The idx directory in which all these files live will also serve as the scratch file space used by the indexing process, and as the permanent home of all the index and region files made by XPat, all the fabricated region files we make ourselves. The scratch file space is not to be overlooked if you're tight on space: with a normal token definition and relatively simple SGML, an indexing run will need between 150% and 175% of the space the final index and region files take up.

One way to index with XPat is with dbbuild50, which is a wrapper for several other indexing subprocesses. We used to use dbbuild50 or even simply patbld50 thusly:

patbld50 -m 64m -D coll.dd

However, we have begun to standardize on more explicit invocations of the subprocesses. See a typical Makefile for an example of all the proper commands in order or check the printed XPat documentation.

The Makefile, while indexing, also runs the sgmlrgn50 command. This gives us the all important index built on the regions declared in the DTD and allows searching within SGML regions.

Indexing and Region Building: Hands On

To get more of a feel for the process we'll use the bosnia Makefile to do the above steps. Recall that prior to this step we did normalization (along with nodefy and validate steps).

% cd $HOME/dlxs/idx/b/bosnia
% make dd

What dbbuild50 (or its equivalent subprocesses) Gets Us

What the dd step gets us depends almost entirely on what was in the coll.dd file: the Index Points and Character Mappings. The Index Points are descriptions of the type of text where where XPat will begin a semi-infinite string. The Mappings we usually use allow for case insensitivity and, in the case of some collections, for search mappings of 8 bit characters, e.g., thorns and eths.

We can now fire up the database we've just indexed successfully with:

pat50 coll.dd

and try some searching.

After the dd command, we continue with the extra make target. This is a series of perl scripts that use the coll.extra.srch file, containing export-ed XPat searches, to create a bit of text that is then added in the <Regions> area of the .dd file. In this way, XPat .rgn files (region indexes) will be created. In the past, until we knew that we needed fabricated regions, we would usually comment this out in the Makefile. However, the new TextClass model requires them for regions like page and mainheader.

The coll.extra.srch file contains the searches for all the fabricated regions we want to make. See fabricated regions.

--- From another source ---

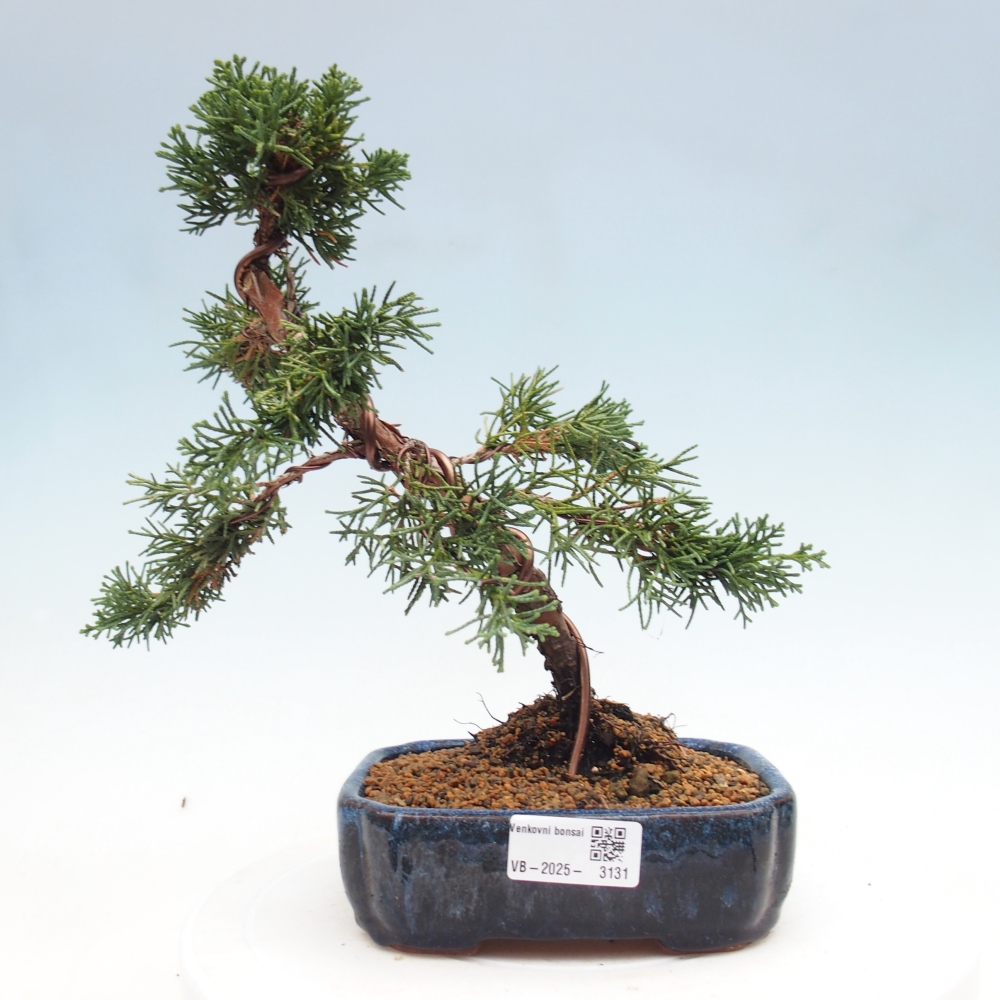 Bonsai für draußen - Juniperus chinensis Kishu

Fabricated Region Building: Hands On

% cd $HOME/dlxs/idx/b/bosnia
% make extra

For those of you who have used ot60, a note

It is here that pat50 and ot60 diverge significantly. When pat50 is reporting location information of points and regions, it always refers to an absolute byte offset in the database. ot60 always refers to an absolute token offset in the database, or that token at which the point or region begins. Unless the definition of token is "any byte", then tokens != bytes. This did not normally affect most systems' functionality: many of the SSP platform stunts can be done either way, because they do not depend on absolute byte offset information. But there are several stunts the XPat based cgi programs do that now can and do assume bytes instead of token offsets. Therefore, since from now on we are dealing only with pat50/XPat, we needn't worry about how ot60 deals with token offset. Yay!

By the way,some of those byte offset dependent stunts are:

Egregious Inline Markup

XPat

Ordering Results

Aside: one rather interesting bit of functionality that is more easily accomplished with token-based ot60 than with byte-offset-based pat50 is some of the interesting context and ordering performed in the MiCASE collection.

After the sgmlrgn50 target and the optional post target for fabricated regions, depending on the collection, the Makefile may continue with the pageview and/or the wordwheel steps.